* **Assigned task**
Look below for the line that contains "w/ Smokey Bear", then copy it and each following line to the end of the records, minus any pictures.

(Items listed in a dataset)
===

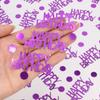 Rose Gold Birthday Confetti - 270 PCS Glitter Happy Birthday Decorations for Table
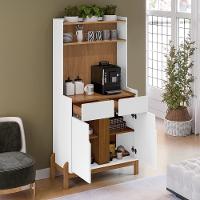 Aparador Cantinho Cafe 50525 2 Portas 81cm Branco Cedro Dcasa Branco Cedro - 2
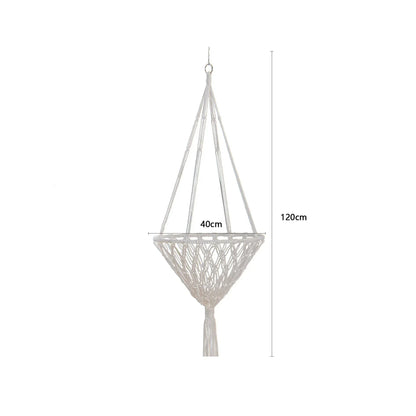 Hanging Hammock for Cats – Woven Cotton Bed & Swing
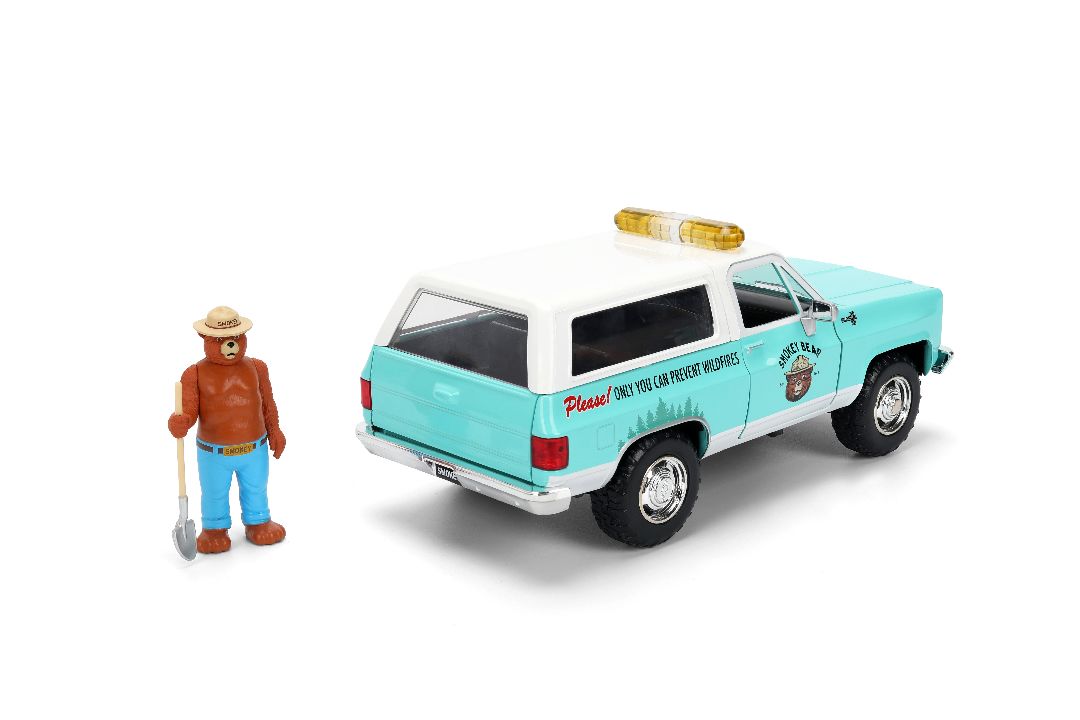 1/24 "Hollywood Rides" - Smokey Bear - 1980 Chevy Blazer w/ Smokey Bear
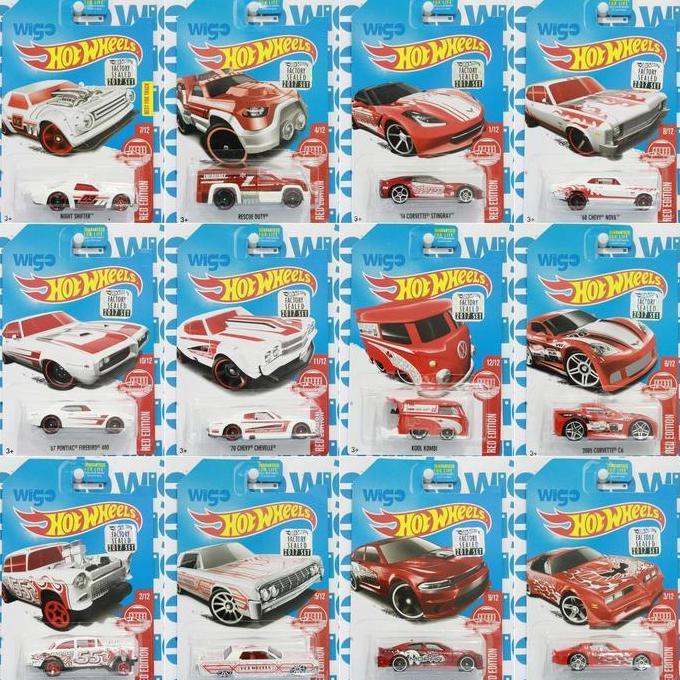 Hot Wheels Factory Sealed 2017 Red Edition Target Exclusive set paket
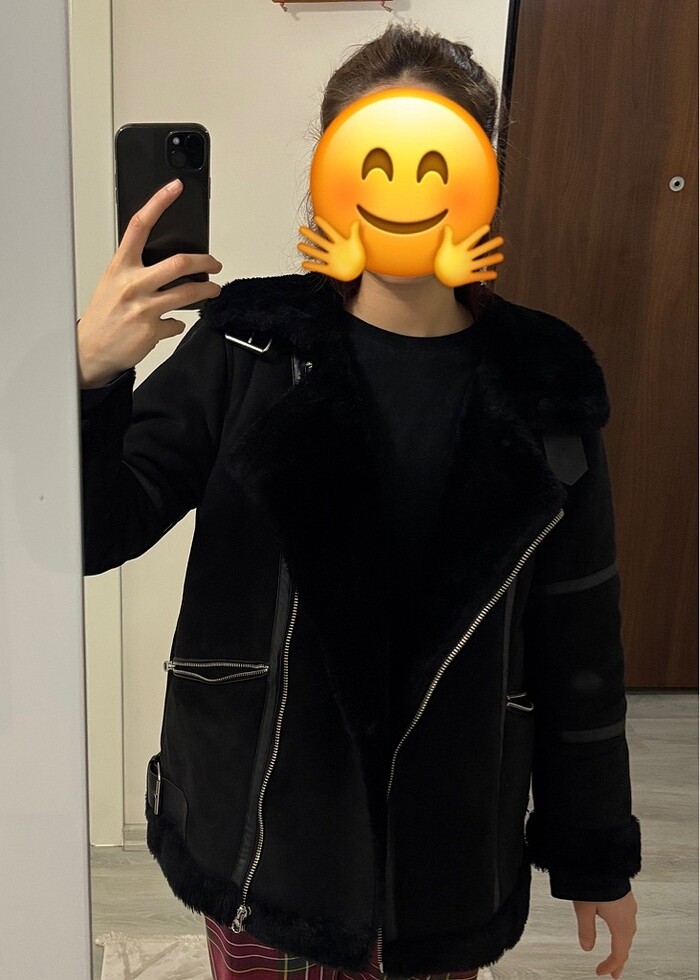 Kürklü mont - Görsel 2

===

* **Answer**
 1/24 "Hollywood Rides" - Smokey Bear - 1980 Chevy Blazer w/ Smokey Bear
 Hot Wheels Factory Sealed 2017 Red Edition Target Exclusive set paket
 Kürklü mont - Görsel 2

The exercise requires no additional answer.